Bunların dışında internet sitelerinde de görev alabilirim, yöneticilik, editörlük her türlü her şey olabilir. Davetiye tasarlarım, sakız içi maniler yazarım aklınıza gelen yaratıcılığa dayanan her türlü işi yapabilirim.

Blogumda reklam da yayınlama ihtimalim var. İki üç kuruş girebilir cebime. Kadın pedi, alkol, kitap buna benzer reklam tekliflerine açığım.

Gördüğünüz gibi kafam allak bullak bir yolunu bulmam lazım yoksa burada yapabileceğim tek şey dikiş nakış kursuna gitmek. Küçümsemiyorum mecbur kalırsam onu da severek yaparım, eskiden takılar yapardım, dikiş dikerdim, dantel örerdim ne zamandır yapmadım ama yapabilirim. Çarşaf kenarını ucuza örebilirim, isteyen varsa çeyizlerinize her türlü dantel örülür. Atkı da örebilirim. Öyle işte.

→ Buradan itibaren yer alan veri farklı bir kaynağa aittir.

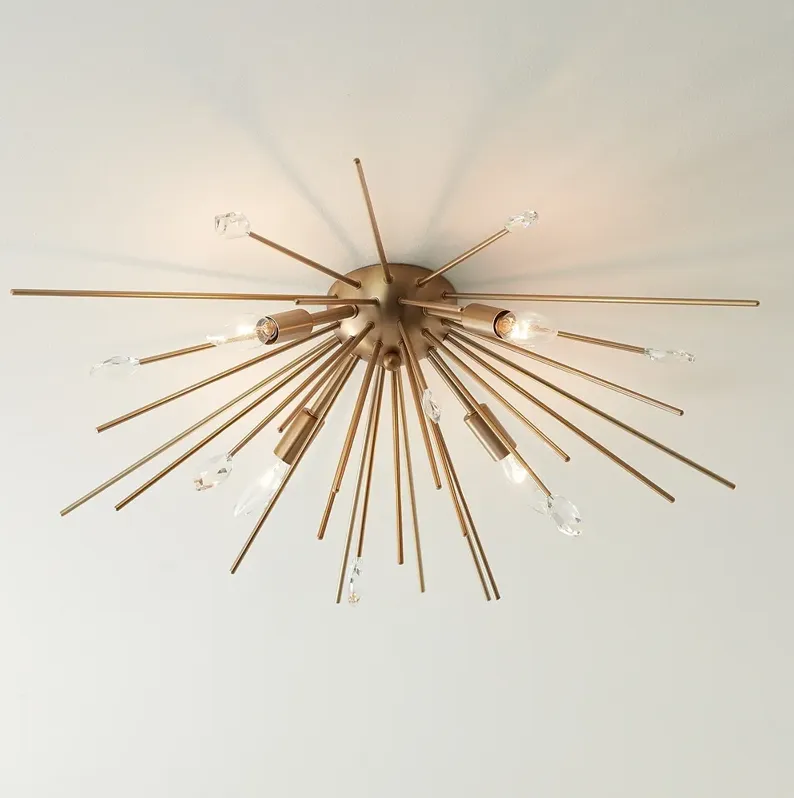 Possini Euro Janae 29" Wide Antique Gold Modern Ceiling Light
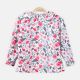 GIRL T-SHIRT WHITE FLORAL PRINTED COLLAR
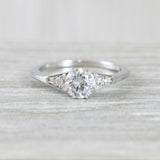 Solitaire with Accent Engagement Ring 0.8ct Round Cut Diamond 14k WhiteGold Over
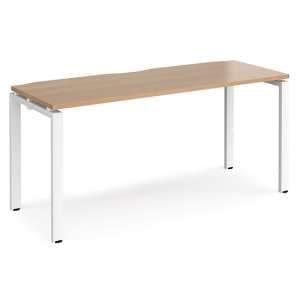 Arkos 1600mm Wooden Computer Desk In Beech With White Legs - UK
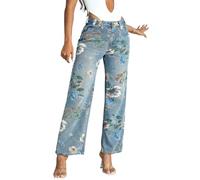 TACSTRUN Women's High Waisted Baggy Jeans Stretch Wide Leg Printed Embroidered Straight Leg Denim Pants,Blue,M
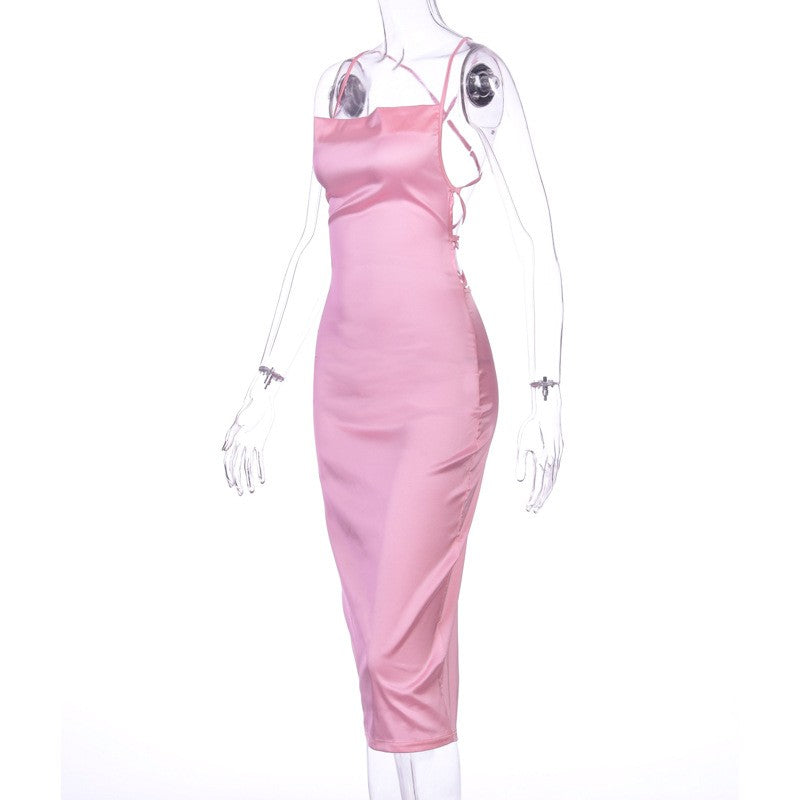Neon Satin Lace Up Women's Long Midi Dress Light Pink Bodycon Backless Elegant P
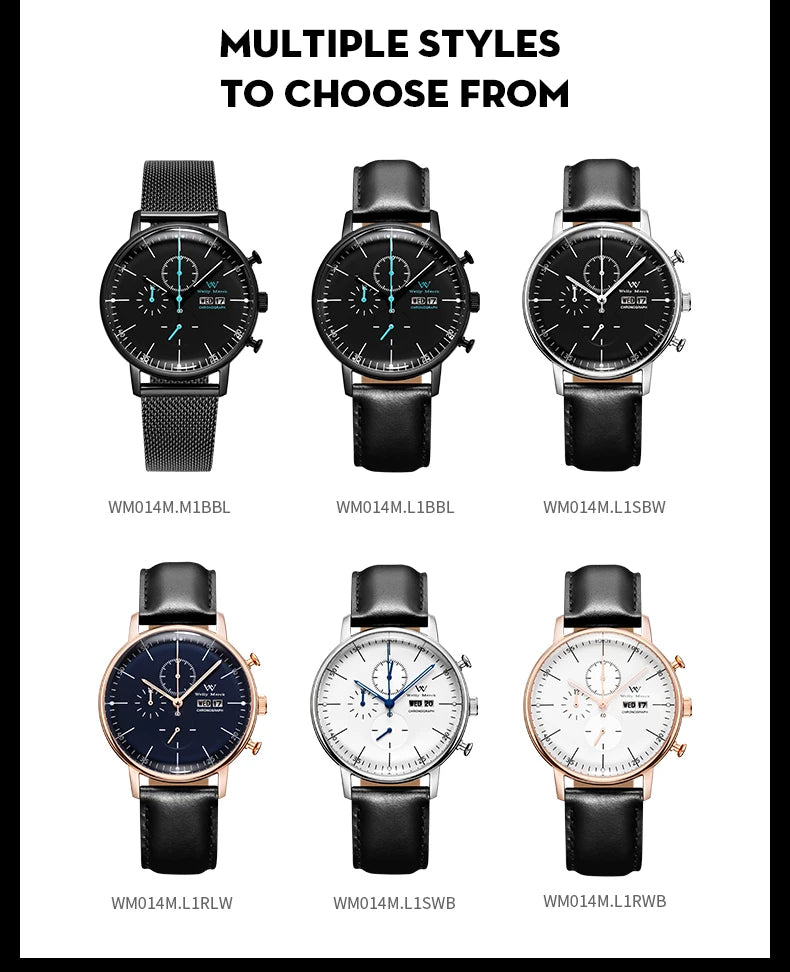 WM Watch Quartz Watches Casual Business Sapphire Crystal Water Resistant Stainless Steel Welly Merck Watch 014M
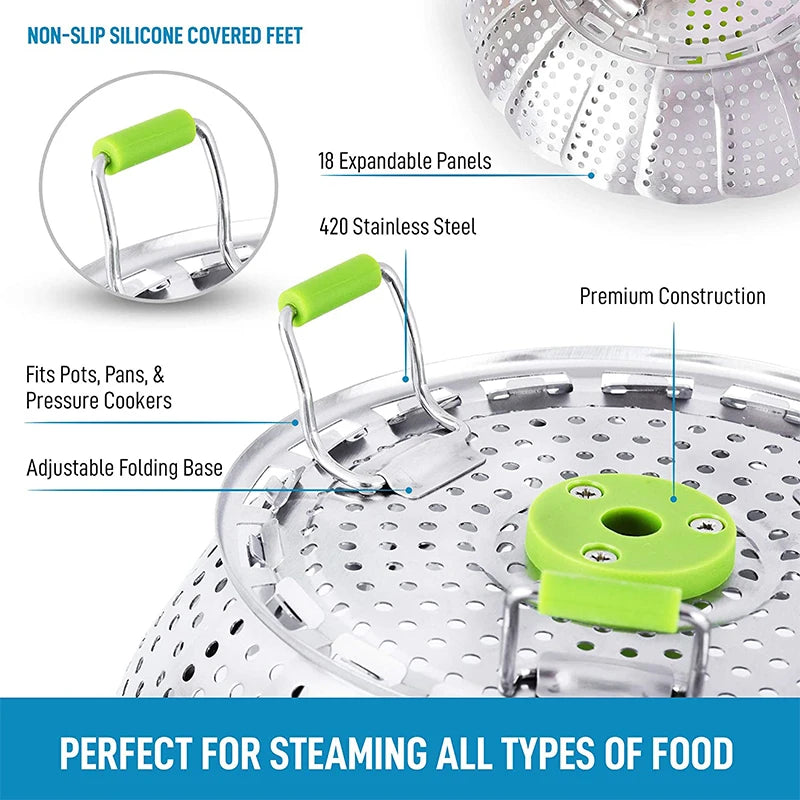 1pc 9/11 inch Stainless Steel Lotus Steamer Tray, Foldable Steamer, Basket Steamer, Cooking Pan, Vegetables and Fruits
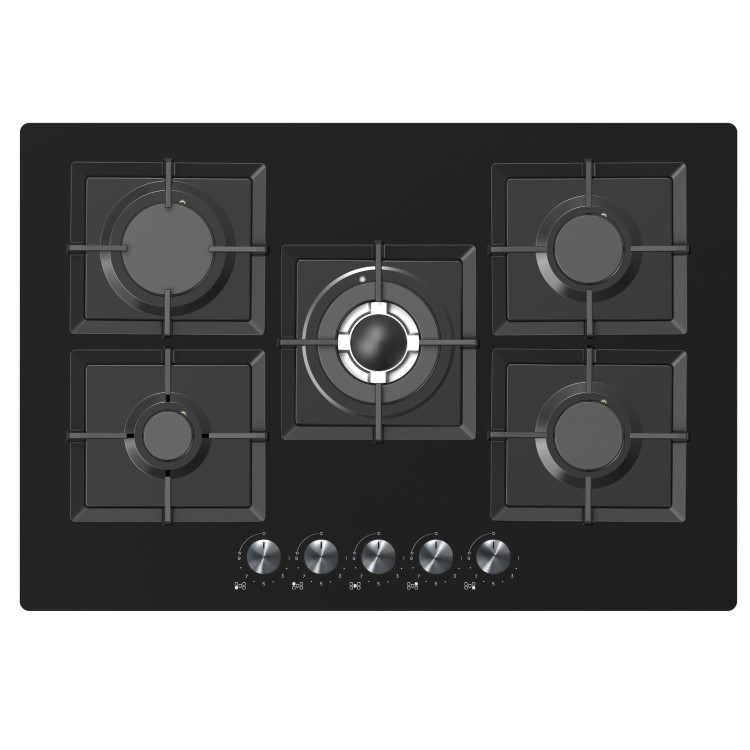 electriQ 75cm Gas on Glass Hob 5 Burner Gas Hob - Black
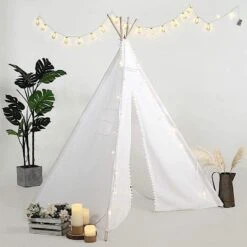 Kids Teepee Play Tent With Window Indoor Outdoor Playhouse - White 20 Kids Teepee Play Tent With Window Indoor Outdoor Playhouse - White -Optimal Home Decoration kids teepee play tent with window indoor outdoor playhouse white furn tent tipi01 wht 28932241948735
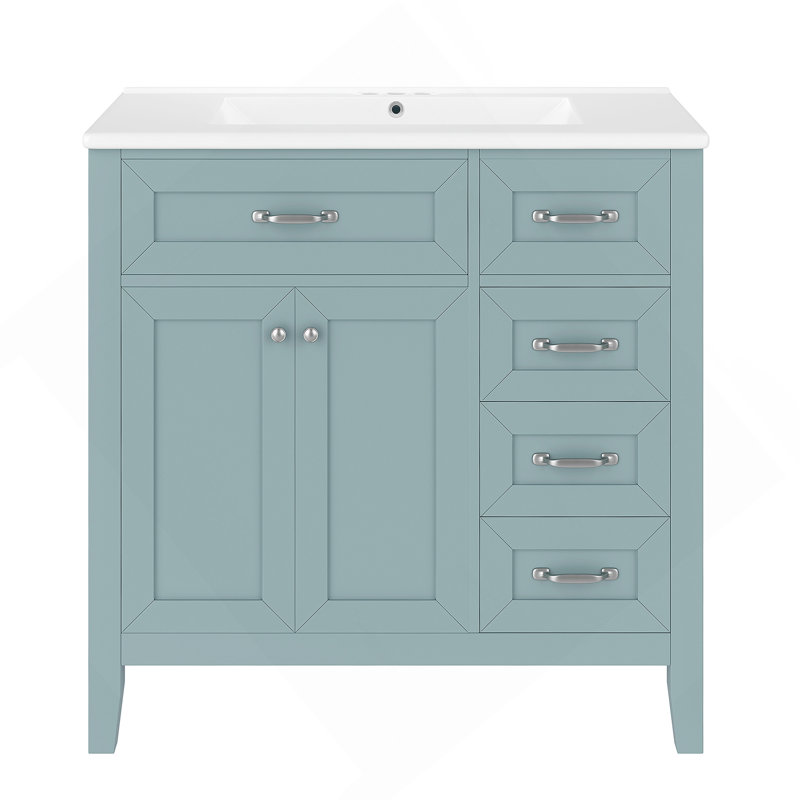 Ensemble de meuble-lavabo avec lavabo, avec tiroirs, cadre solide et panneau de fibres à densité moyenne pour une mise à niveau fonctionnelle et élégante de la salle de bain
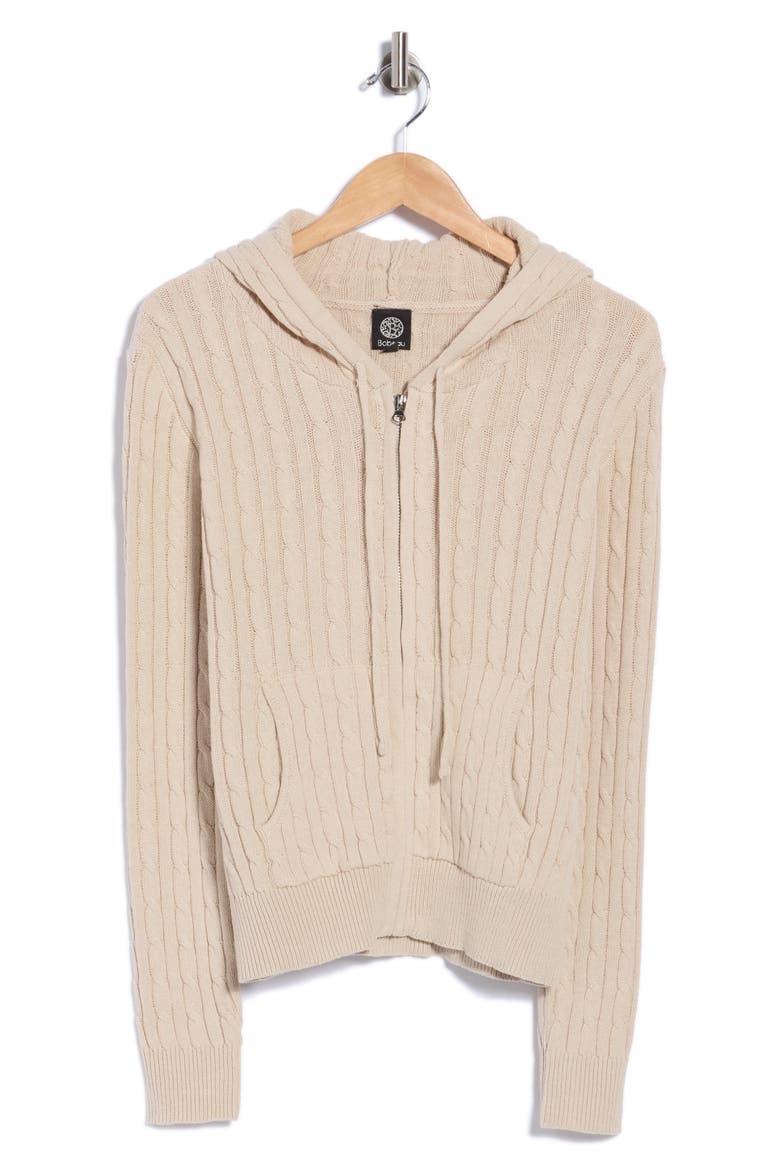 Cable Knit Zip Hoodie, Main, color, OATMEAL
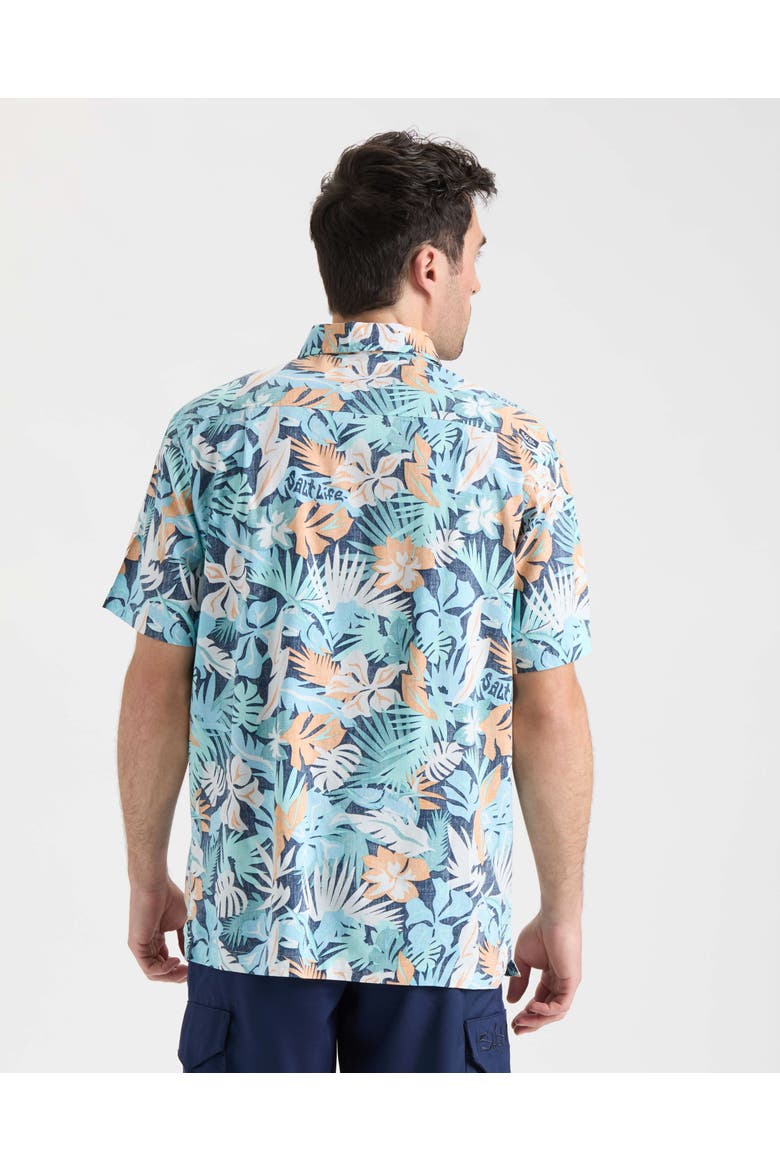 Retro Tropical Tuna Woven Short Sleeve Shirt, Alternate, color, Washed Navy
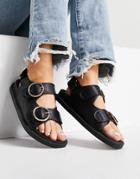 London Rebel Double Buckle Sling Back Sandals In Black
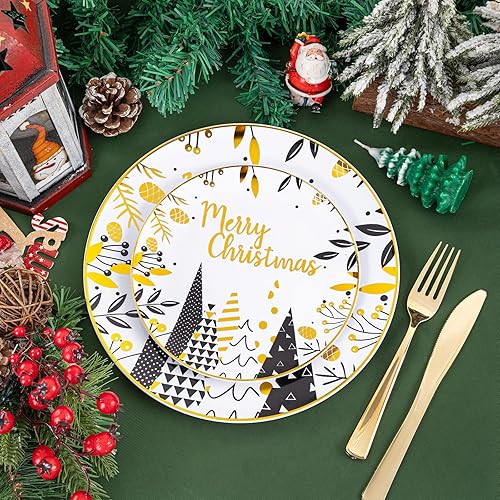 Miniatura 4 de WDF 50 platos de plástico desechables de Navidad, platos azules con copo de nieve blanco incluyen 25 platos llanos, 25 platos de ensalada, platos de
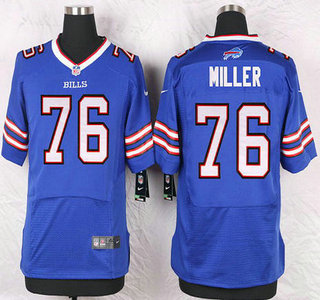 Men's Buffalo Bills #76 John Miller Royal Blue Team Color NFL Nike Elite Jersey
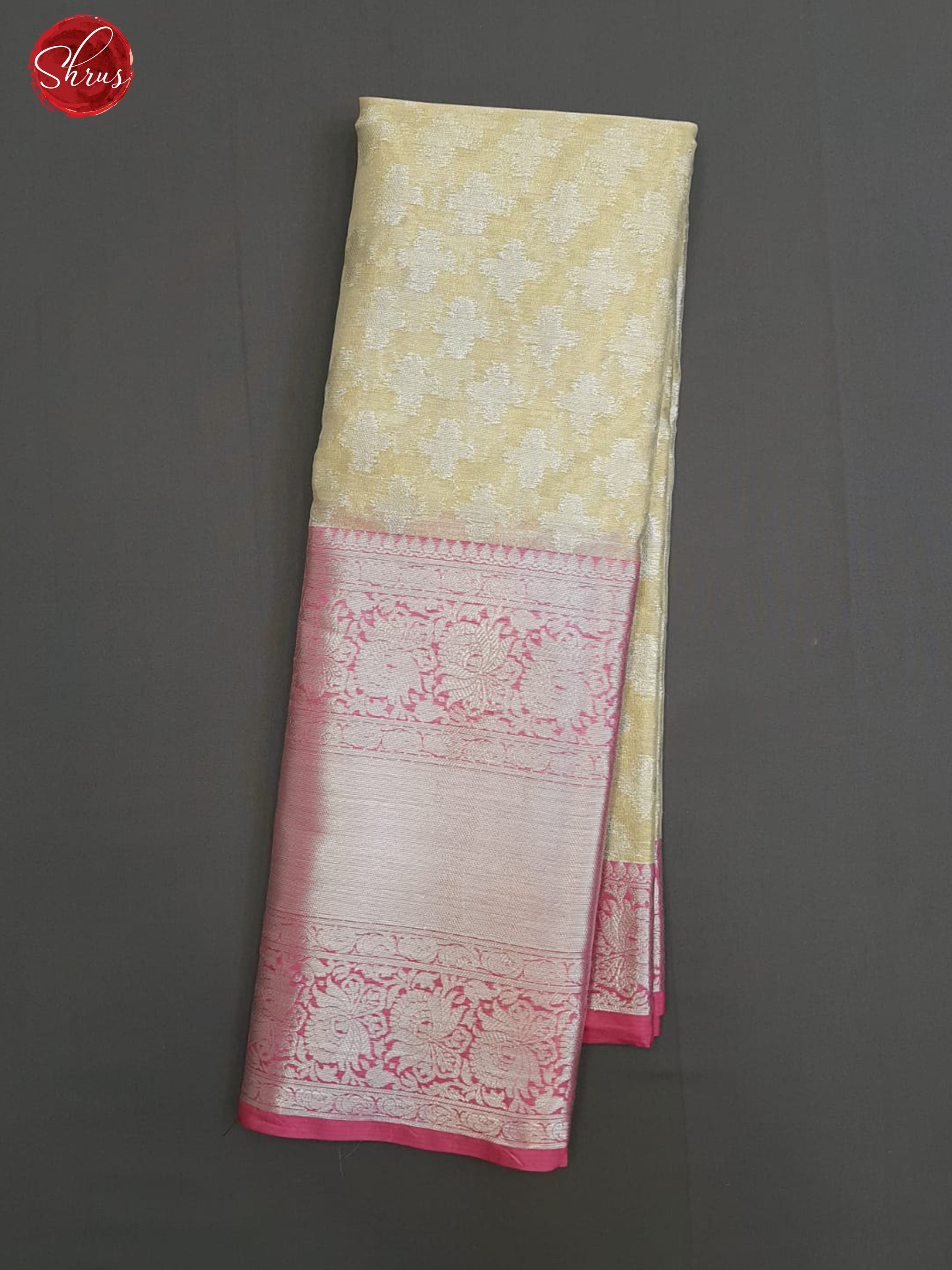 Peach & Pink- Kora Banarasi with zari woven buttas on the body & Zari Border - Shop on ShrusEternity.com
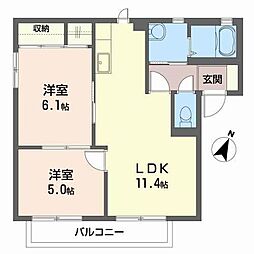 MaisondeBrightonB 2LDKの間取図画像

Çoğunuz bilmez ama FriendFeed'den tanıdığım biri var: Müge Cerman. Ona iki kelam etmek istiyorum, içimde kalmasın istediğim için. Başlarda neden bu kadar sevildiğini anlayamamıştım Müge Cerman'ın, sonra sonra ben FF'e alıştıkça tanımaya başladım kendisini. Gerçekten internet üzerinde bir anne adeta. Sınav sonucunu öğrendiğimde çocuk gibi ilgilenilsin benimle istedim, tüm dünya dursun ve bana üzülsün herkes istedim. Klasik "Geçer geçer, üzülme" değil, yüzümü güldürecek bir şeyler bekledim insanlardan. Burada beni okuyup sevdiğini söyleyen insanlardan, FF'e bir derdi olduğunda elimden bir şey gelmese bile yüzünü güldürmeye çalıştığım insanlardan. Ama öyle olmadı. Blog arkadaşlarım sağ olsunlar malum yazıya yorum yazarak bana destek olmaya çalıştılar ama FF içinde öyle bir şey olmadı. Sadece azıcık ilgiydi istediğim, toparlanırdım nasılsa ama hızlandırılabilirdi bu. Müge Cerman işte öyle bir zamanda beni mutlu eden tek kişiydi orada. Sarılıp ağlamak istiyorum kaç gündür ona. Bambaşka bir sevgi besliyorum artık ona karşı. O üzüldüğünde önceden de çırpınıyordum ama bu sevgi içimde o kadar büyük ki şimdi onun için her şeyi yapabilirim gibi geliyor. Bambaşka bir insan o, kesinlikle öyle. İnsanlar kötü malum, yalakalık derler diye oraya yazamıyorum bunları durum bu işte. Her şey için çok teşekkür ediyorum kendisine.
Merak edenler için sitesi: http://www.mugecerman.com/

Hem KPSS çalışırken hem de KPSS sonrasında yalnız bırakmayan herkese isim isim saymak zor ama başta sevgilim Gloom'a, blog arkadaşlığının ötesinde sevgisini her zaman hissettiren ve her daim aklımda olan Papatya Prenses'e, benimle aynı duyguları yaşadığını bildiğim Kırmızılı'ya, yorum yazmasa da oralarda bir yerde olduğunu bildiğim Ivır Zıvır'a ve hayatımın bütün bulutlu zamanlarında güneş gibi doğan, beni sesinden mahrum etmeyen Küçük Kara Balık'a çok teşekkür ediyorum. Çok seviyorum sizi.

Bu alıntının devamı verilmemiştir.